Several months ago, Dr Peter Mangan, a psychologist in Virginia, showed that age altered the perception of time. He asked three groups of people of varying ages to estimate, by counting, when three minutes had elapsed. Subjects in their twenties overshot by only three seconds. Participants aged over 60 said time was up after three minutes and 40 seconds. The scientists from Duke. who are planning to publish within the next few months, think that the clock is reset by brain activity every time we perform a task, and dopamine acts as the starting gun.
Even putting the kettle on will trigger a timing mechanism. The action of filling the kettle and switching it on causes bunches of neurons (brain cells) in the cortex, which lies just under the skull, to start firing.
This haphazard pattern of firing, says Mr Matell, is "heard" by spiny neurons in the forebrain. The spiny neurons, which are kicked into action by a rush of dopamine, collect and integrate the signals to recognise that a cup of tea is being made, and tell the mental clock to start ticking.
This silent, internal timepiece allows us to estimate, without referring to a clock, when we should go back into the kitchen to get the mugs and biscuits ready.
It also alerts us if the kettle hasn't boiled after, say, two minutes, which prompts a worried check to see if it has been switched on. We don't even have to be actively timing the kettle - we will suddenly realise that it hasn't started whistling. Another example is waiting at a traffic light. When the light goes red, the clock starts ticking. Most drivers do not wait for an amber light before engaging gear - the internal clock, honed by past experience, dictates when a driver should think about preparing to pull away. So seeing the red light starts the clock; the clock nudges us to change into gear.
The process is a loop - an action prompts the clock to be started, and then, after a time interval, we are prompted to perform another action, say checking whether the kettle is on. This loop can be seen in brain imaging experiments in both animals and people. The relevant bits of the brain, the cortex and the place where dopamine is produced, are activated when people are asked to judge time intervals.
The clock may also be involved in unusual cases where life appears to operate in slow motion. Accident victims often report this - damage to the relevant brain area, causing a rush of dopamine, may be to blame.
Patients with Parkinson's disease find it difficult to perceive time accurately - the disease is characterised by a lack of dopamine. Schizophrenia and dyslexia have also been associated with a skewed sense of time.
Human beings are not the only animals interested in keeping time. "Fish and birds can also measure time, showing it is a very ancient trait and that it must be fundamental to survival," says Dr Melissa Bateson, a colleague at Duke University.
Dr Bateson, who has studied starlings, says that being able to track time is probably important for associative learning. "They know that if they find a worm every other minute it's a good place to feed," Dr Bateson says. "That means the starlings have some way of measuring the rate at which they find food. If they find one worm every two hours, they are obviously not going to associate that particular field with food."
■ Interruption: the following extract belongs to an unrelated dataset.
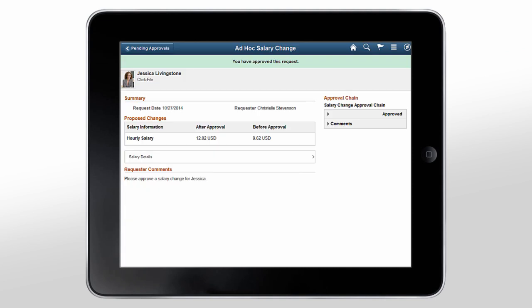This simple example shows you how you can approve or deny transactions from your mobile device. PeopleSoft Mobile Approvals enables you to approve transactions directly from your mobile devices, improving your organization's productivity faster than ever before.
The clock changes when we are doing something. Dr Mangan found that every age group asked to judge a time interval while doing a task overestimated wildly. The over-sixties were the most surprised - they thought three minutes was up when, in fact, nearly five minutes had elapsed.
Mr Matell says: "When people are enjoying themselves, they dont pay attention to their internal clock." This is scientific proof that time flies when one is having fun.